In November 1972, my husband and I had a private audience with the Rebbe along with our five-month-old baby. Before entering his office, we had to wait in the lobby, so by the time the audience began, it was close to midnight. Our son was fussing and twisting and turning about, which made it difficult for us to focus.

Noticing our squirming son, the Rebbe began tapping on his desk to get his attention; not just tap-tap, but a specific rhythm. Our baby immediately focused on the Rebbe, calmed down, and didn’t fuss for the rest of the audience.

The Rebbe answered all the questions we asked, and then he gave us his blessings, including one for the baby. In particular, he told us about the importance of following the guidelines of the Torah and to “live your lives according to the Shulchan Aruch (the Code of Jewish Law).” We were already observant by then, but hearing these words from the Rebbe heightened our religious consciousness, as well as our commitment and care in Jewish observance.

Meeting the Rebbe in that private audience took our breath away. We knew that we had found our mentor, and a foundation in this universe that we could trust.

When we were with the Rebbe, it wasn’t like he was our friend, that he was trying to convince us or jolly us along. If anything, he was stern. Rather than smiling, there was a firmness to the Rebbe’s face and to his gaze; you might say it was a tough love. I felt him looking deep inside of me, out of a concern to help me be the best person I could be.

He was a human being, of course, but he was so pure and connected to the truth it seemed as if there was no physicality restricting him.

Before our second child was born, there were some medical complications. As the due date arrived in early 1974, I developed toxemia and was in terrible pain, and the doctor wanted to induce me. I much preferred taking a natural approach, but wanted to be careful, so I wrote to the Rebbe. It was towards the end of the month of Shevat, in the beginning of the week, and I received a reply shortly after: “Not until Friday.” From Friday on, the doctor could do what he wanted.

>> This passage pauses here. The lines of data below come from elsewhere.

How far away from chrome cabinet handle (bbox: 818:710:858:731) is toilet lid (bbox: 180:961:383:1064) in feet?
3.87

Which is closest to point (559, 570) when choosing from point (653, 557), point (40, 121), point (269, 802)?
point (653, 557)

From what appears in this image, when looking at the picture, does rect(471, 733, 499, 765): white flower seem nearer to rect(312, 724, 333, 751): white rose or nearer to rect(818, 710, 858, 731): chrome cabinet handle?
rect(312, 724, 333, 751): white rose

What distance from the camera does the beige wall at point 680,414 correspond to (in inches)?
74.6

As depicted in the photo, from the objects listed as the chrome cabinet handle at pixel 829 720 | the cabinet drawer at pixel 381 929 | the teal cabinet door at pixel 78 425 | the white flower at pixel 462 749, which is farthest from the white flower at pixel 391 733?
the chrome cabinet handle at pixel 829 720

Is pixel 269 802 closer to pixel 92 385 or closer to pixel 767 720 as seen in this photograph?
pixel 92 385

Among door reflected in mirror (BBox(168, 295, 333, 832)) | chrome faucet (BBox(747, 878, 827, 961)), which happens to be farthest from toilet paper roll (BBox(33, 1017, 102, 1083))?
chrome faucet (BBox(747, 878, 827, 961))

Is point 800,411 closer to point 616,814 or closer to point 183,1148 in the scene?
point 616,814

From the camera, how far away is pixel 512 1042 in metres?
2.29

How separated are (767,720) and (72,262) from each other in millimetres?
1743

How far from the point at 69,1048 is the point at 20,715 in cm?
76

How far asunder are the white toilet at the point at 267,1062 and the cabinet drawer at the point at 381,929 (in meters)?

Luckily, I had picked my doctor wisely, and although he was very concerned, he was willing to work with me. He monitored me every day and gave me instructions. “If the toxemia is better, I’ll just check you again tomorrow,” he would say. “If it’s the same, we’ll meet in the hospital tomorrow morning for an induction. If it’s worse, I’m putting you in my car right now and we will go do the induction in the hospital.” As for me, following the Rebbe’s advice, I didn’t feel I was in any danger. Every day the toxemia subsided, and in the end, I made it to Shabbat morning, on the first day of the auspicious month of Adar. At the birth, the baby’s umbilical cord was wrapped around his neck three times and his Apgar score was very low, but I’m convinced he survived because his soul needed to have the blessings of Adar.

Later on, I realized something: At an audience a few months earlier, while I was still pregnant, the Rebbe had told me: “When your child will come in, your joy will increase.” At the time, I thought that was a funny way to say it – we normally talk about children being “born,” not “coming in” – but I figured it was because English wasn’t his first language.

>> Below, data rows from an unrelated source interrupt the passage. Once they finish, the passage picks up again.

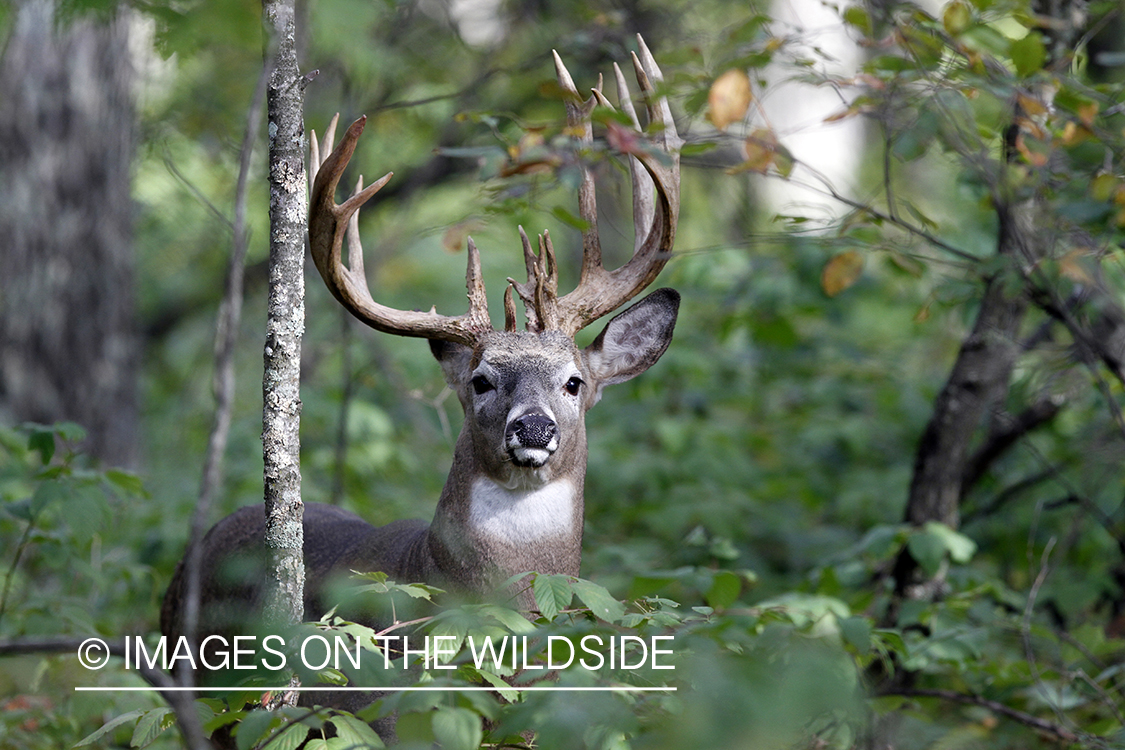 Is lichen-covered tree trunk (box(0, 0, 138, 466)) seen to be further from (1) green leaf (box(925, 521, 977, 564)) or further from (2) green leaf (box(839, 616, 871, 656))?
(2) green leaf (box(839, 616, 871, 656))

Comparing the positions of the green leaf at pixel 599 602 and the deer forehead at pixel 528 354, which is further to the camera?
the deer forehead at pixel 528 354

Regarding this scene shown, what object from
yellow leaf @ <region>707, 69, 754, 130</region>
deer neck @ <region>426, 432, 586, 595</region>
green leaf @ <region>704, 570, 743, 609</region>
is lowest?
green leaf @ <region>704, 570, 743, 609</region>

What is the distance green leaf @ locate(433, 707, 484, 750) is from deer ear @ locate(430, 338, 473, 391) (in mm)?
2308

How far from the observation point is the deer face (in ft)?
12.1

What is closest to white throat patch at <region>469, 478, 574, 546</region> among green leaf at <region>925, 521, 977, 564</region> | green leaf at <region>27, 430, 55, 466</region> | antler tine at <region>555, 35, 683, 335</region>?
antler tine at <region>555, 35, 683, 335</region>

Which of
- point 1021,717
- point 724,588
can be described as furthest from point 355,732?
point 1021,717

But then later I found out that this is the exact phrase that is used regarding the month of Adar: “When Adar comes in, we increase in joy.” It was like the Rebbe had known for months that this soul needed to come in Adar, and thankfully, I was smart enough to listen.

Mrs. Chaya Kaplan is a mother to five sons and a psychologist. She resides in Monsey, New York, where she directs a program for developmentally disabled young adults. She was interviewed in July 2018.